● **RECORDED INFORMATION**:
━━━━━━━━

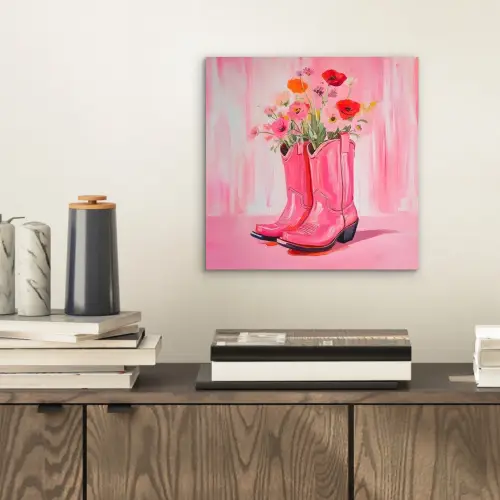 Roze - Bloemen - Cowboy aluminium wit klein -sfeer1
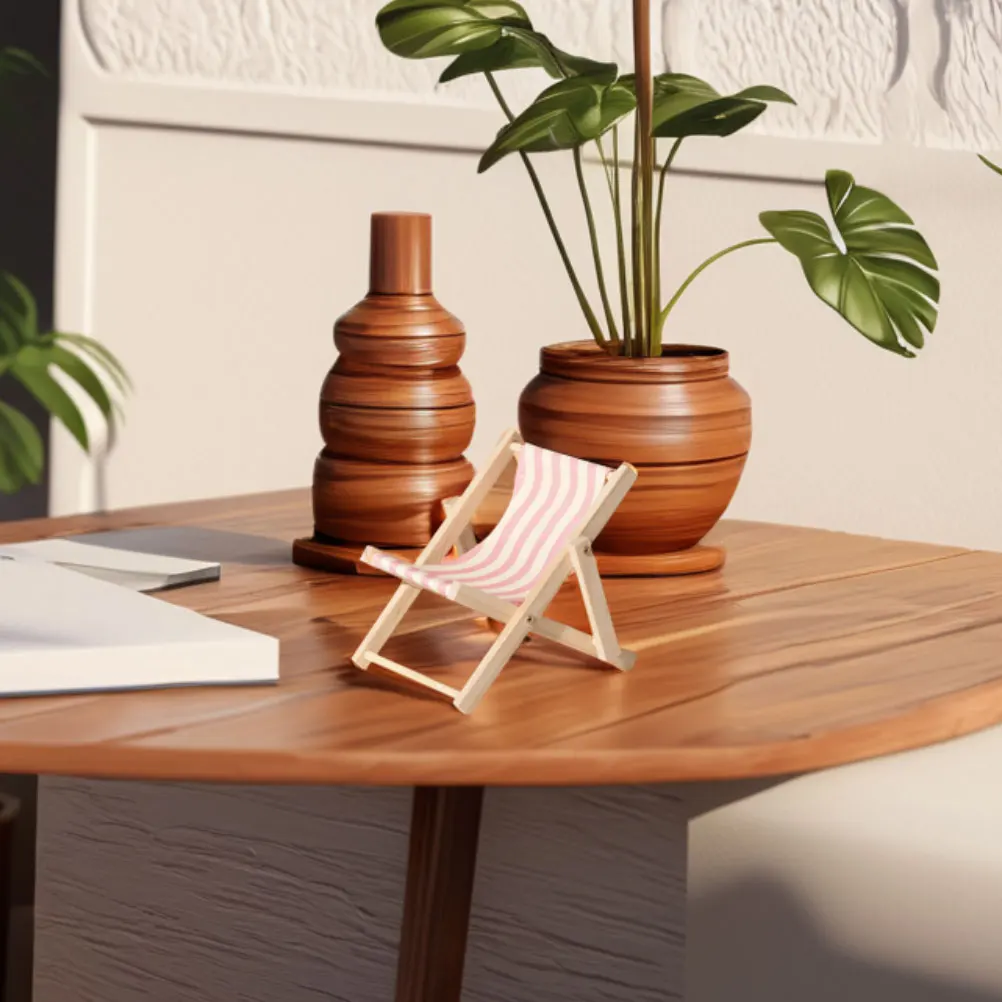 2 pçs cadeira de praia suporte do telefone decoração para casa miniaturas lona madeira ajustável titular móveis mini dobrável inteligente portátil tablet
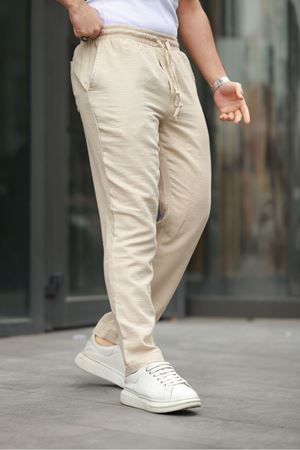 Keten Bağcıklı Jogger Pantolon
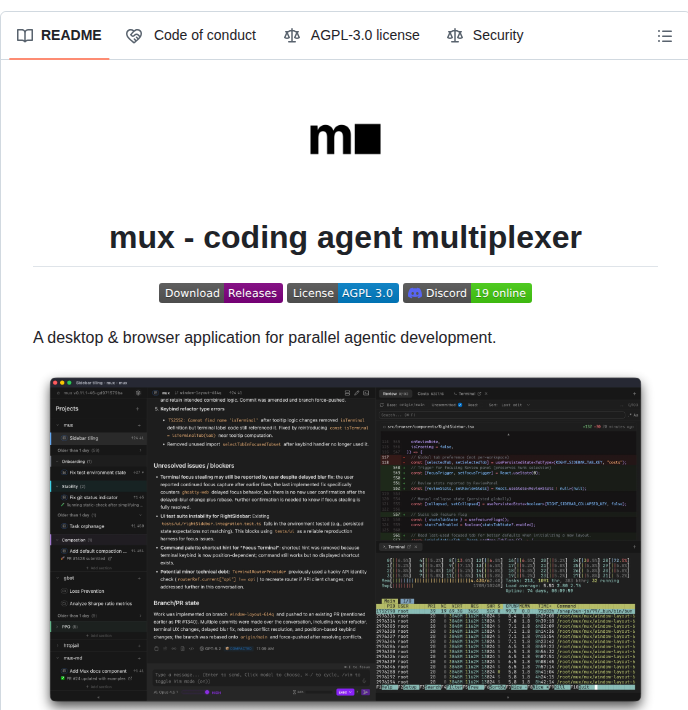 Coder Mux screenshot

━━━━━━━━

● **TASK TO CARRY OUT**: Make an exact copy of the listing. Do not carry over its pictures.

● **EXERCISE RESULT**:
 Roze - Bloemen - Cowboy aluminium wit klein -sfeer1
 2 pçs cadeira de praia suporte do telefone decoração para casa miniaturas lona madeira ajustável titular móveis mini dobrável inteligente portátil tablet
 Keten Bağcıklı Jogger Pantolon
 Coder Mux screenshot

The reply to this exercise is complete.